_RECORDS TO USE_.
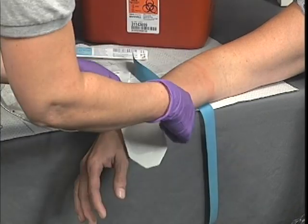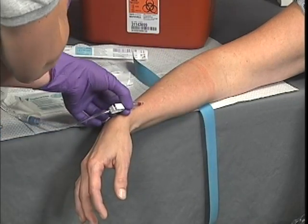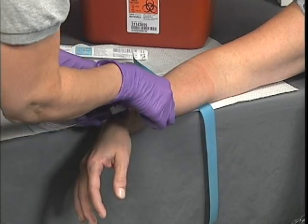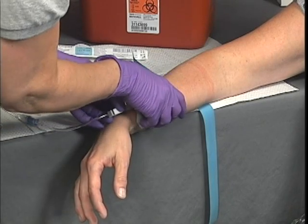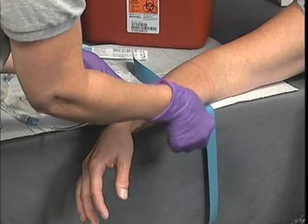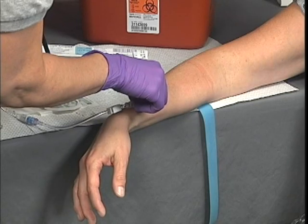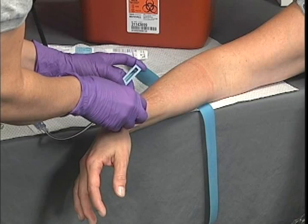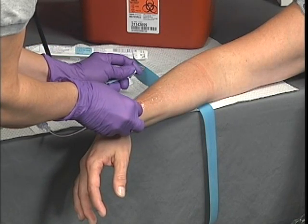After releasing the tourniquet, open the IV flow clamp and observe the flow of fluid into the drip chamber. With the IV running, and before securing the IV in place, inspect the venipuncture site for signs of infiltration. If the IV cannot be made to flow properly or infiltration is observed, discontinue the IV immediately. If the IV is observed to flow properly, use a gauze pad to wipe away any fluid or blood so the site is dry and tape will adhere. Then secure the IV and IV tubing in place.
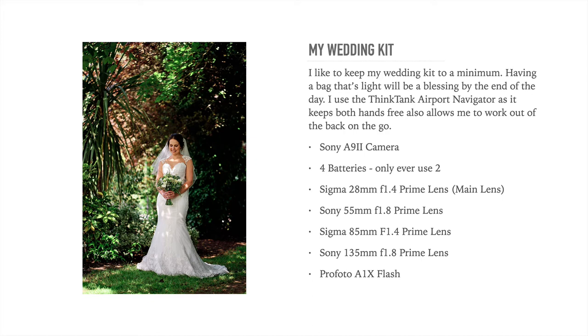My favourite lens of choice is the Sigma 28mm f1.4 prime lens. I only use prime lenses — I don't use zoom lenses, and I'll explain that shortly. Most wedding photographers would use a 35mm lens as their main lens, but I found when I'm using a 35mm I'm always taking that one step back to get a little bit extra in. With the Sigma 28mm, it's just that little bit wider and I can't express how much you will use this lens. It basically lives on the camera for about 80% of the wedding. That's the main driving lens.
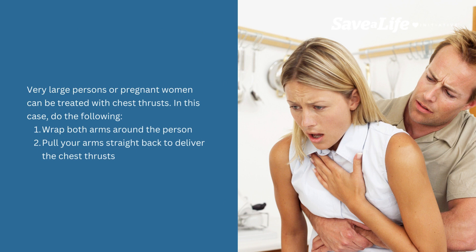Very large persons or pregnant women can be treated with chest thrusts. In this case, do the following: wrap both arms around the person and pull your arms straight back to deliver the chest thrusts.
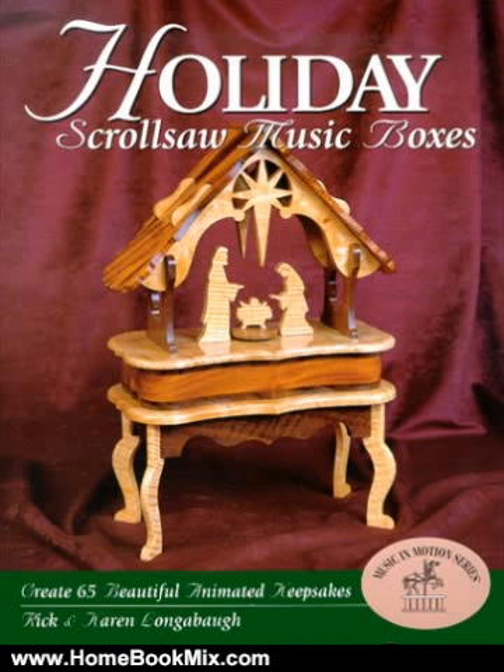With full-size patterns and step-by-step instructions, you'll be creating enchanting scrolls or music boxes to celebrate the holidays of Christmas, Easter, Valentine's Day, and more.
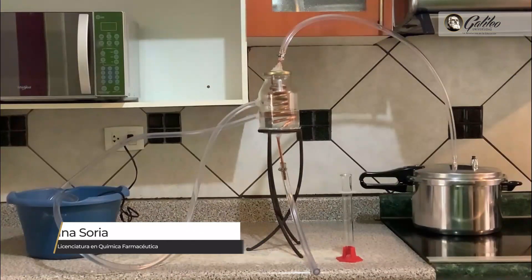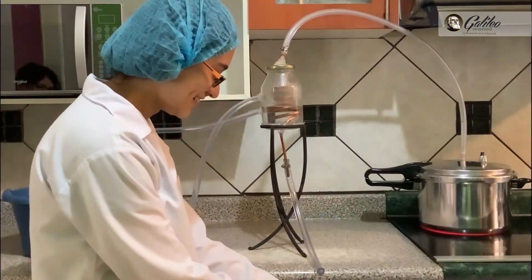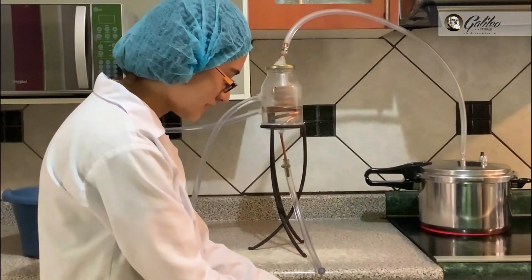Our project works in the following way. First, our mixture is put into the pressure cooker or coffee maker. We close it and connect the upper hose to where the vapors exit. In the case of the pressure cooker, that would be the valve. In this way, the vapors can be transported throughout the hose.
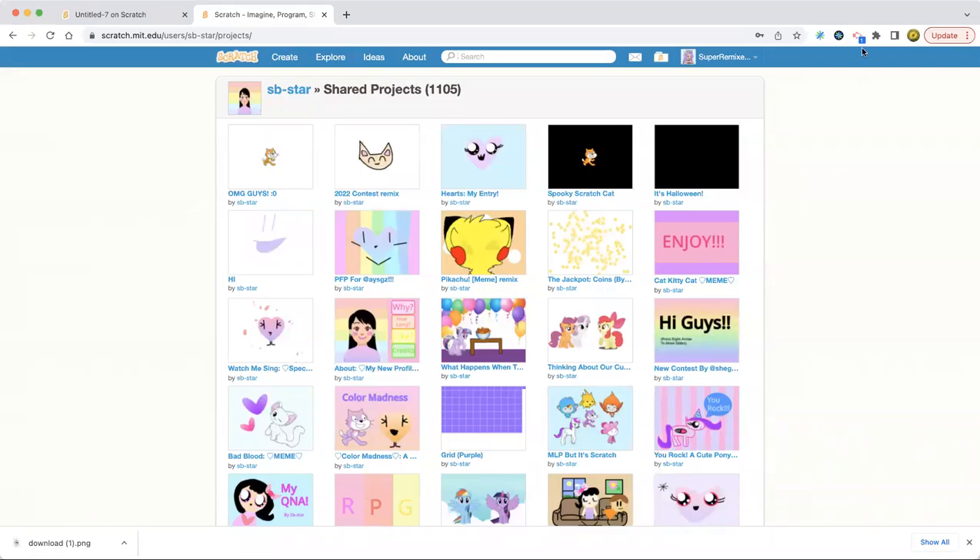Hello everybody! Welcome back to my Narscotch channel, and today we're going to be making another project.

--

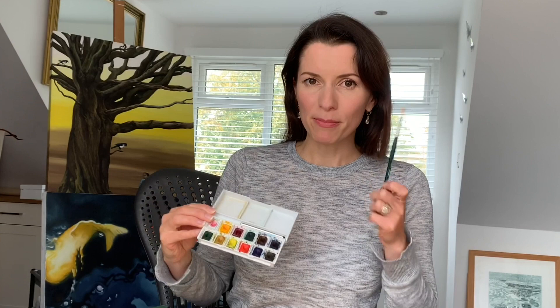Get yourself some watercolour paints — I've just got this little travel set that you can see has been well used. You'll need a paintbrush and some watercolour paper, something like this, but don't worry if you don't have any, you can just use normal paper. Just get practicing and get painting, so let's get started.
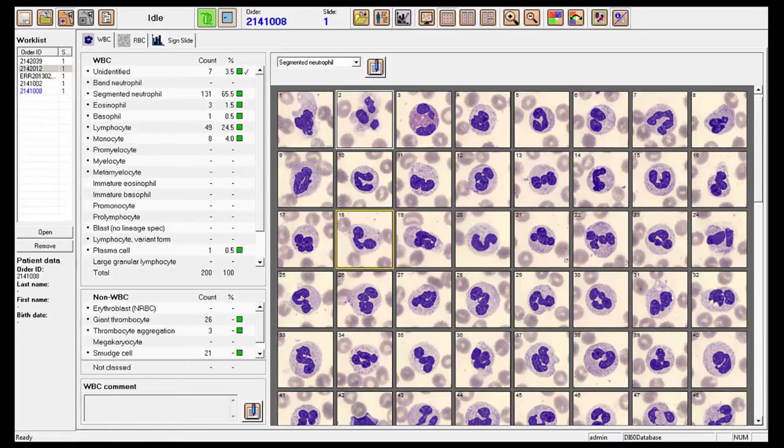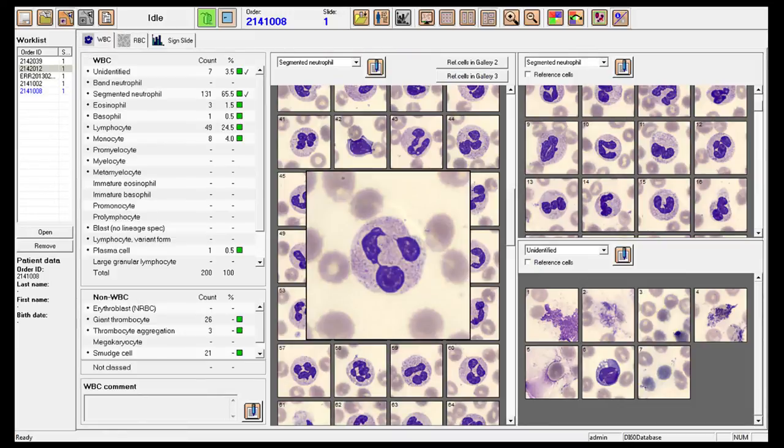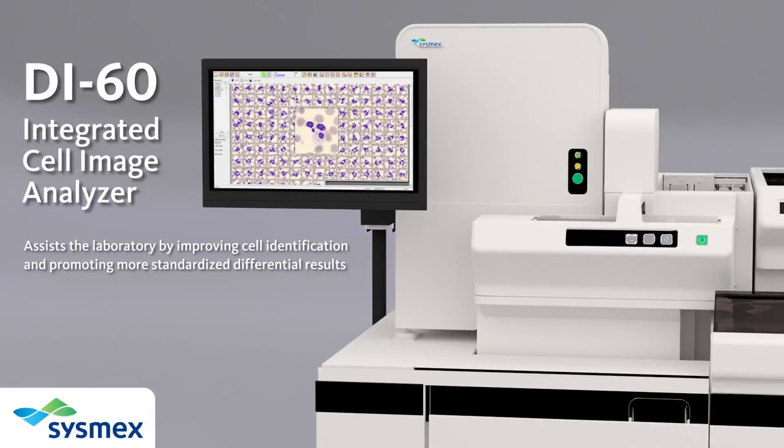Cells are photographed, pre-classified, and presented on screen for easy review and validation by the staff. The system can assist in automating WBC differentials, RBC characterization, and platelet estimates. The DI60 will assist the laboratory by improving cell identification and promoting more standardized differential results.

_PROBLEM DESCRIPTION_.
All lines above from the one containing "Our project works" up to and including the one containing "Hello everybody! Welcome" are to be set down exactly, and nothing else. Leave images out.

_TASK SOLUTION_.
Our project works in the following way. First, our mixture is put into the pressure cooker or coffee maker. We close it and connect the upper hose to where the vapors exit. In the case of the pressure cooker, that would be the valve. In this way, the vapors can be transported throughout the hose.
Hello everybody! Welcome back to my Narscotch channel, and today we're going to be making another project.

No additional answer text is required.